The integration extends deeply into security and policy enforcement. By tying into Active Directory or LDAP servers, Kabelline can map network activity to specific users and devices. This is crucial for compliance. If a policy states that guest users should only have internet access, Kabelline can detect when a guest device attempts to access a sensitive internal server and automatically trigger a quarantine action via its integration with the network access control (NAC) system or firewall. The table below shows common policy triggers and automated responses.

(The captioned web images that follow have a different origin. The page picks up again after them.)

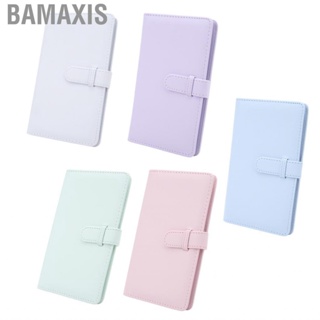 Bamaxis 108 Pockets Photo Album  Fashionable PU Leather 3 Inch for Movie Tickets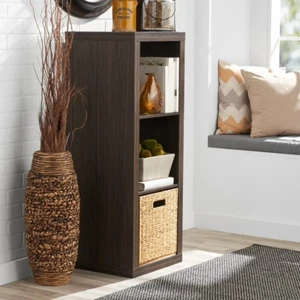 Better Homes & Gardens 3-Cube Storage Organizer, Tobacco Oak - Picture 1 of 8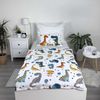 Sarcia. eu Kinderbettwäsche Dinosaurier Zip Kinderbettwäsche, Baumwolle 100x135cm+40x60cm Bild 2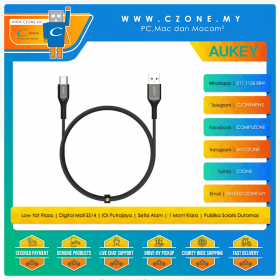 Aukey - Impulse Titan AC Kevlar Core USB-A to USB-C Cable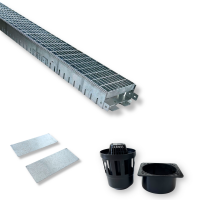 Fassadenrinne zur Entwässerung | Länge 1000mm, Breite 200mm, Höhe 70mm verzinkt Set inkl. Ablaufstutzen + 2x Stirnwand Fassadenrinne zur Entwässerung | Länge 1000mm, Breite 200mm, Höhe 70mm verzinkt Set inkl. Ablaufstutzen + 2x Stirnwand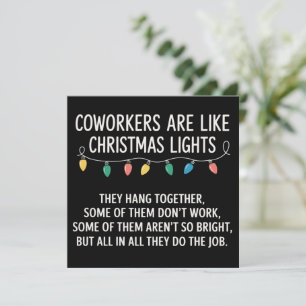 Coworkers Coworker's Are Like Christmas Lights Holiday Card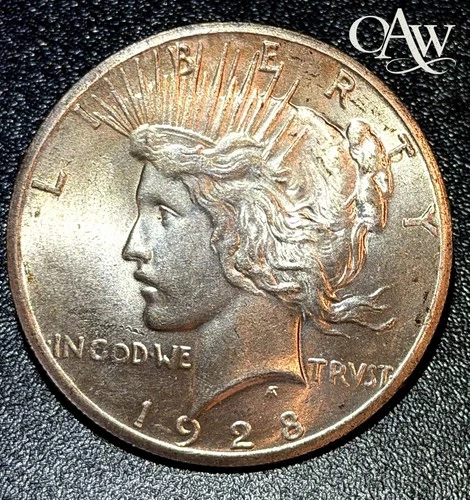 1928 P PEACE SILVER DOLLAR *KEY DATE* HIGH GRADE MS++++ FROSTY UNC BU SEE PICS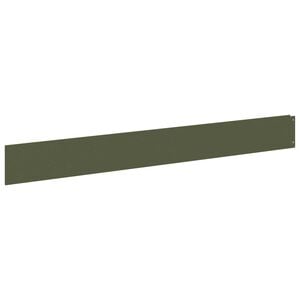 vidaXL Borde de C&eacute;sped 10 uds. 100 x 12 cm Acero Verde oliva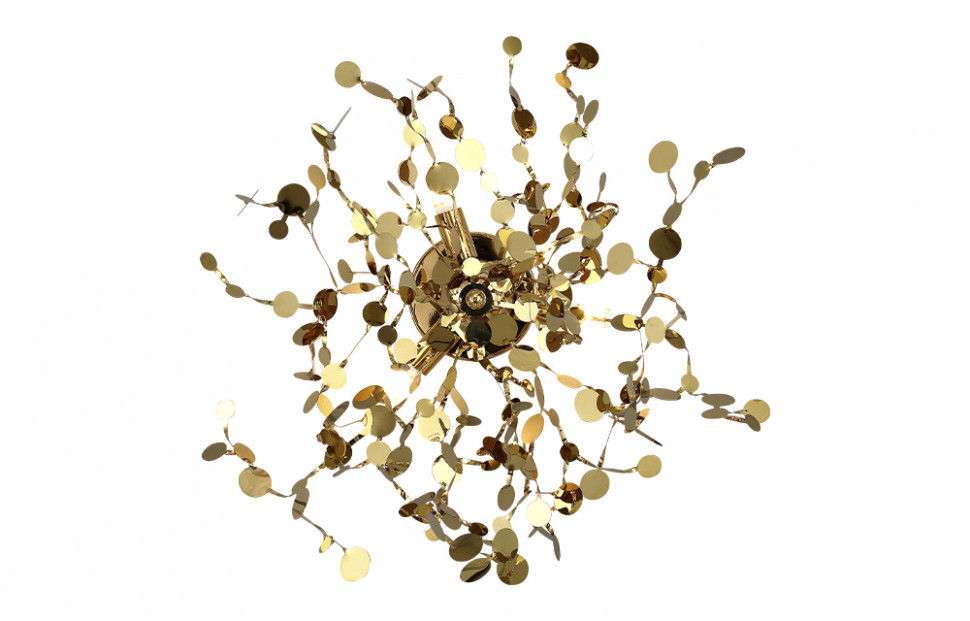 Настенный светильник Crystal Lux GARDEN AP-PL3 D400 GOLD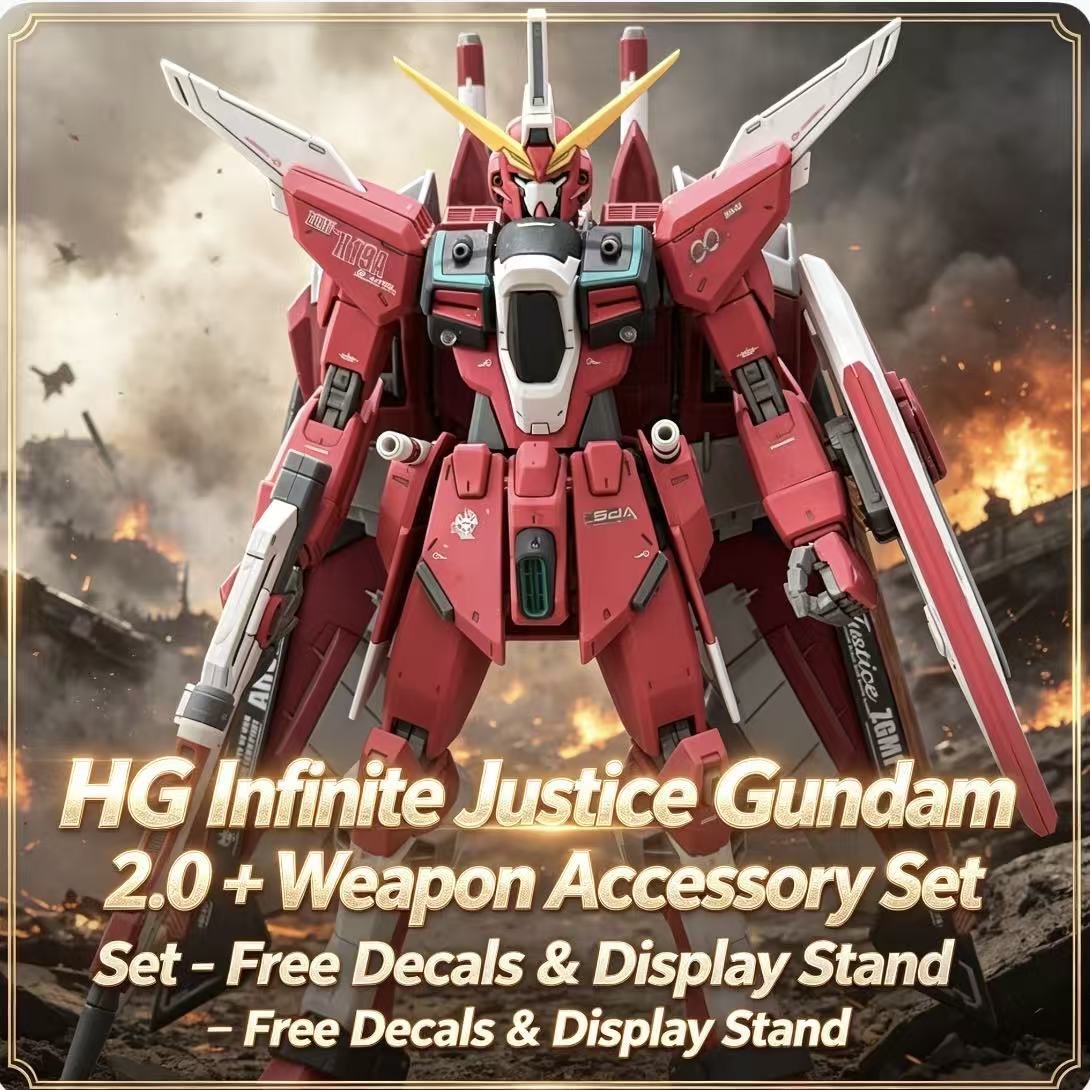 Bandai Model Gundam Hg - 231 HG 1/144 インフィニットジャスティス タイプ 2.0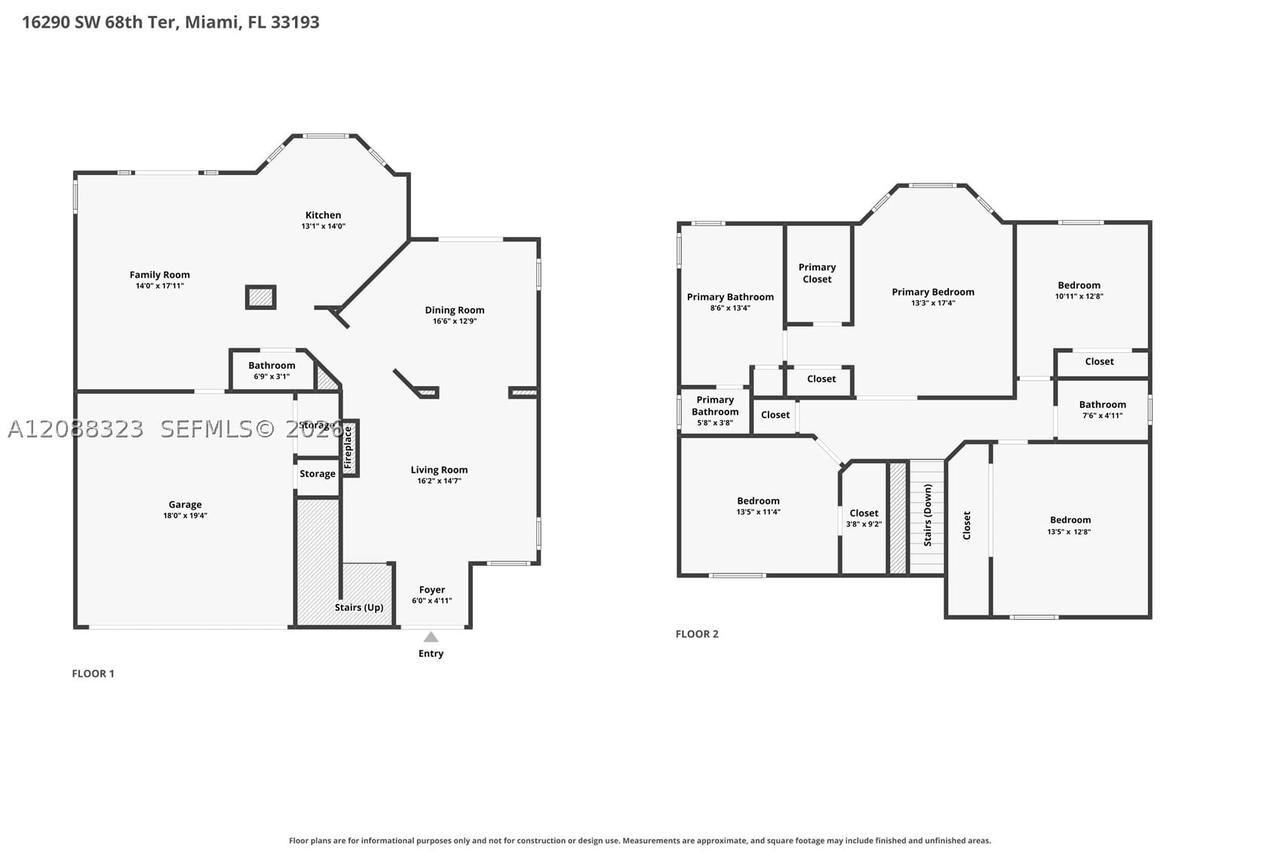 Real estate property located at 16290 68th Ter, Miami-dade, Sunset Lakes Estates 1st, Miami, FL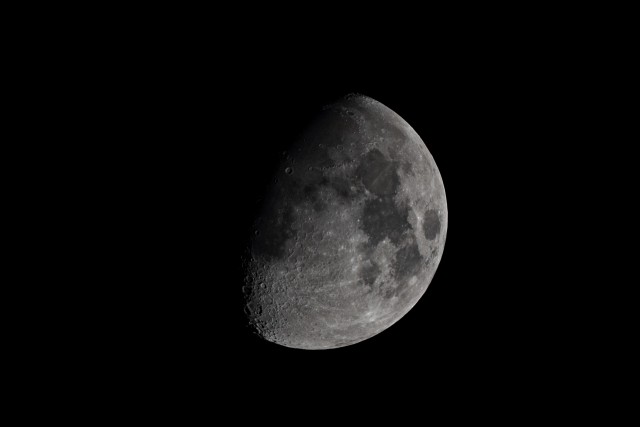 The Moon on November 2nd, 2014. 1/500th sec @ ISO 100, TV-85 at F/5.6, IDAS-LPS, Modified Canon T3.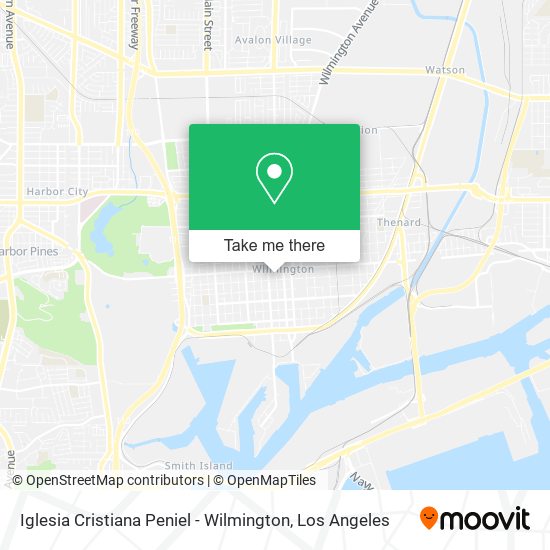 Mapa de Iglesia Cristiana Peniel - Wilmington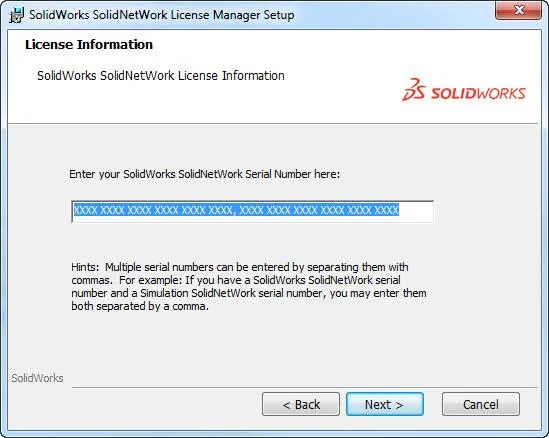 solidworks solidnetwork license information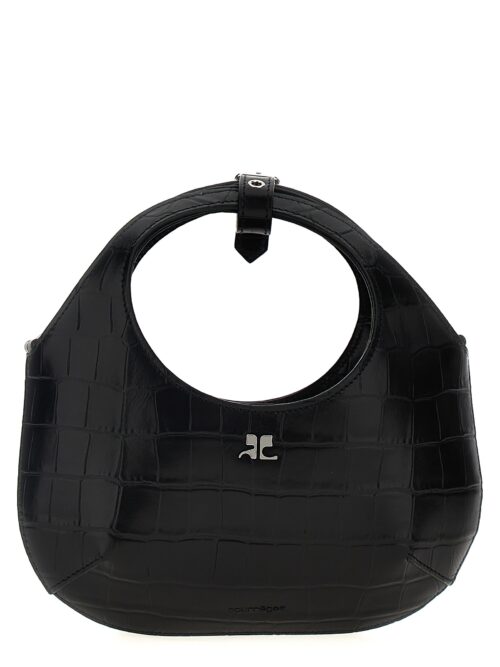 'Mini Holy Croc Stamped Bag' handbag COURREGES Black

| Policy Trigger | Data Source | Automated Response Action |
|---|---|---|
| Unknown device connects to a secure port | Switch MAC Table, NAC System | Place port in a quarantine VLAN; alert security team. |
| Network device configuration drifts from gold standard | Config File Comparison via SSH/NETCONF | Auto-revert configuration; log the change and user responsible. |
| DDoS attack detected on web server farm | NetFlow/sFlow data from routers | Dynamically update ACLs on border firewalls to block malicious IP ranges. |
| Critical server’s network interface exceeds 90% utilization | SNMP Polling | Create high-priority ticket in ITSM platform (e.g., ServiceNow) and notify on-call team via PagerDuty. |
For hybrid and multi-cloud environments, the integration strategy uses APIs as the universal glue. Kabelline establishes secure tunnels (often IPsec or TLS) to cloud providers like AWS, Azure, and GCP. It then uses the cloud providers’ native APIs to discover Virtual Private Clouds (VPCs), subnets, security groups, and virtual machine instances. This allows it to present a unified network topology that spans your on-premises data center and all connected cloud regions. You can see the end-to-end path a packet takes from a user’s laptop in your London office to a database server running in an Amazon AWS VPC in Virginia, including all the virtual routers and firewalls in between. This visibility is critical for troubleshooting performance issues that are no longer confined to a single administrative domain.
Finally, the integration is designed for scalability and resilience. The Kabelline platform can be deployed in a highly available (HA) active-passive cluster configuration. Integration points are built with redundancy in mind; if the primary management path to a core switch fails (e.g., the primary IP becomes unreachable), Kabelline will fail over to a secondary management IP address. It also employs a publish-subscribe model for data collection, allowing it to handle data from thousands of devices without becoming a bottleneck. In large-scale deployments with over 10,000 network nodes, the system uses a hierarchical collection model with regional collectors that aggregate data before forwarding it to a central analytics engine, ensuring low latency and efficient bandwidth usage.